1. Preservation of Relationships: By leveraging the power of machine learning algorithms, both regressors and classifiers can take into account the underlying relationships between features, leading to more accurate imputations.
2. Flexibility: The use of various machine learning algorithms allows for flexibility in handling different types of missing data and handling both continuous and categorical features.
3. Handling Multiple Features: These methods can handle missing data in multiple features simultaneously, capturing correlations between different features in the dataset.

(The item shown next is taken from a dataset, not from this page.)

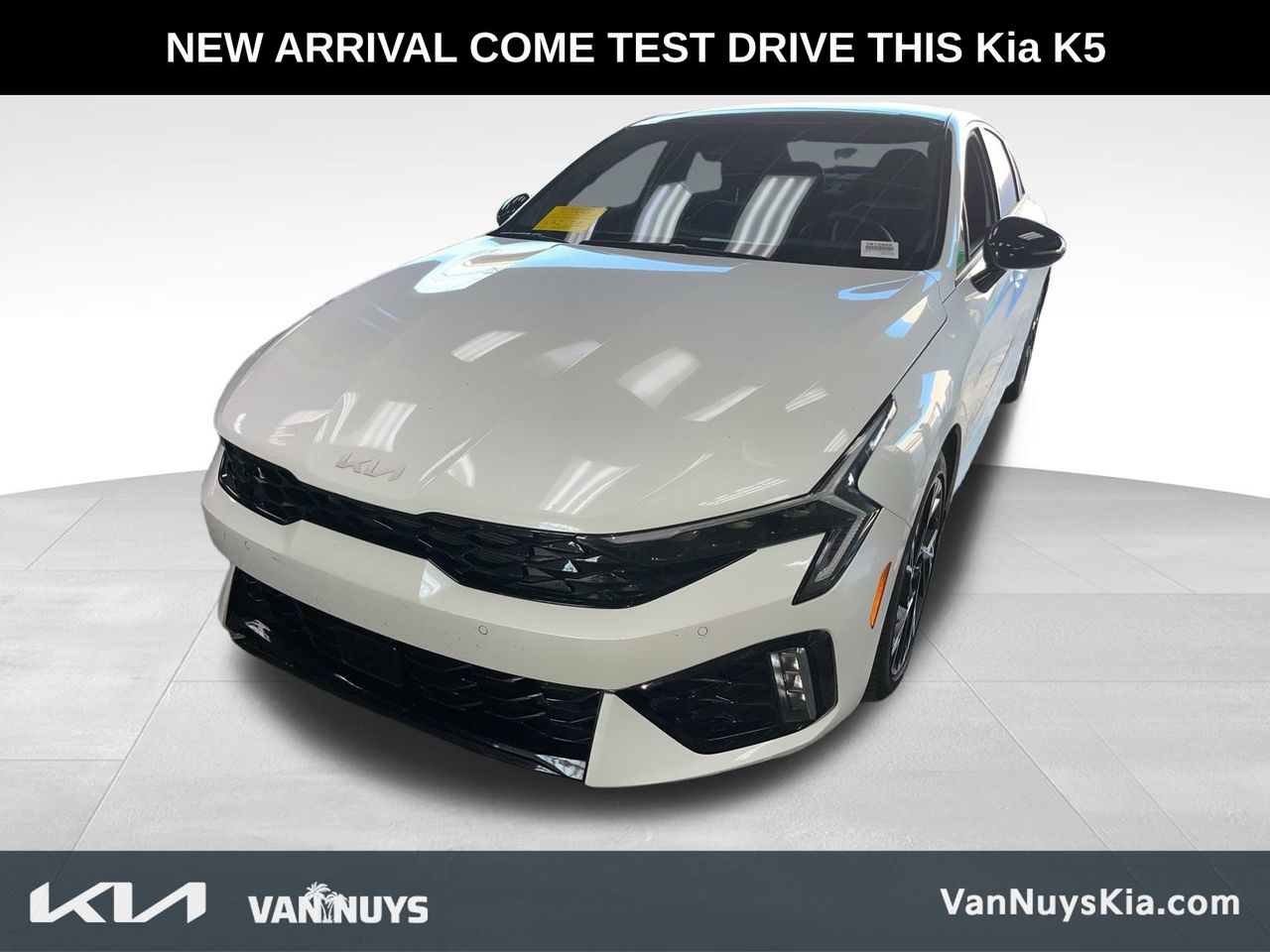 2025 Kia K5 GT-Line photo 2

### 6.4 Caveats and Considerations

While machine learning-based imputation techniques can be powerful, it is essential to be cautious when applying them:

- Overfitting: There is a risk of overfitting, especially with complex models, leading to biased predictions. Regularization and cross-validation can help mitigate this issue.
- Model Selection: Careful selection of the appropriate regression or classification model is crucial to obtain accurate imputations.
- Data Distribution: The quality of the imputations depends on the underlying data distribution and the relationships between features.

### 6.5 Summary

In conclusion, handling missing data with machine learning algorithms offers a powerful and flexible approach that can significantly improve the completeness and usefulness of datasets. However, proper model selection, regularization, and evaluation are essential to ensure the reliability of the imputed data.